THE INPUT.
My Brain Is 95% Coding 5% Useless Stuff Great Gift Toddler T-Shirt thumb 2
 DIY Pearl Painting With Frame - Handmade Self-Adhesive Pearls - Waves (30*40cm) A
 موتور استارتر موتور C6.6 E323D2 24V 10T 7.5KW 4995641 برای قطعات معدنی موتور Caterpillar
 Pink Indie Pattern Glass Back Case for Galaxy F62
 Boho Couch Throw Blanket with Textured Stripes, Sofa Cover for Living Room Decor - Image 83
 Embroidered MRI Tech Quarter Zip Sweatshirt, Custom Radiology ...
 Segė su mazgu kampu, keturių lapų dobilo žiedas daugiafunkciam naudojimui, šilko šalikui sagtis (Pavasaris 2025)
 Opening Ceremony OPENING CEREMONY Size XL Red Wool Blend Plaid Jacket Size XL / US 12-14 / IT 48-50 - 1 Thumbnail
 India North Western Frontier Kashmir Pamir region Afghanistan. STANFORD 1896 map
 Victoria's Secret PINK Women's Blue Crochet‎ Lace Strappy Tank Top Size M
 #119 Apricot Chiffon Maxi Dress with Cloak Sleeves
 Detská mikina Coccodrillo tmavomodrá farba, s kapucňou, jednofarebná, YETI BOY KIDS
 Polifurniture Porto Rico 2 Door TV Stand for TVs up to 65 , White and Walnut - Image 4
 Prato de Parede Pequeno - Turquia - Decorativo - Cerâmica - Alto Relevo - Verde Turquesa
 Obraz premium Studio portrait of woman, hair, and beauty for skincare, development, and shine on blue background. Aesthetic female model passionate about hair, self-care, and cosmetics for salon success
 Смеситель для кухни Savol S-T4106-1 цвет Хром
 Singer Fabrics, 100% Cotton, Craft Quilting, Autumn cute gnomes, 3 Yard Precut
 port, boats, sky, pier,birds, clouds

PROBLEM DESCRIPTION. Search the listing for the word "Size" and return each line that holds it.

WRITTEN RESPONSE.
 Opening Ceremony OPENING CEREMONY Size XL Red Wool Blend Plaid Jacket Size XL / US 12-14 / IT 48-50 - 1 Thumbnail
 Victoria's Secret PINK Women's Blue Crochet‎ Lace Strappy Tank Top Size M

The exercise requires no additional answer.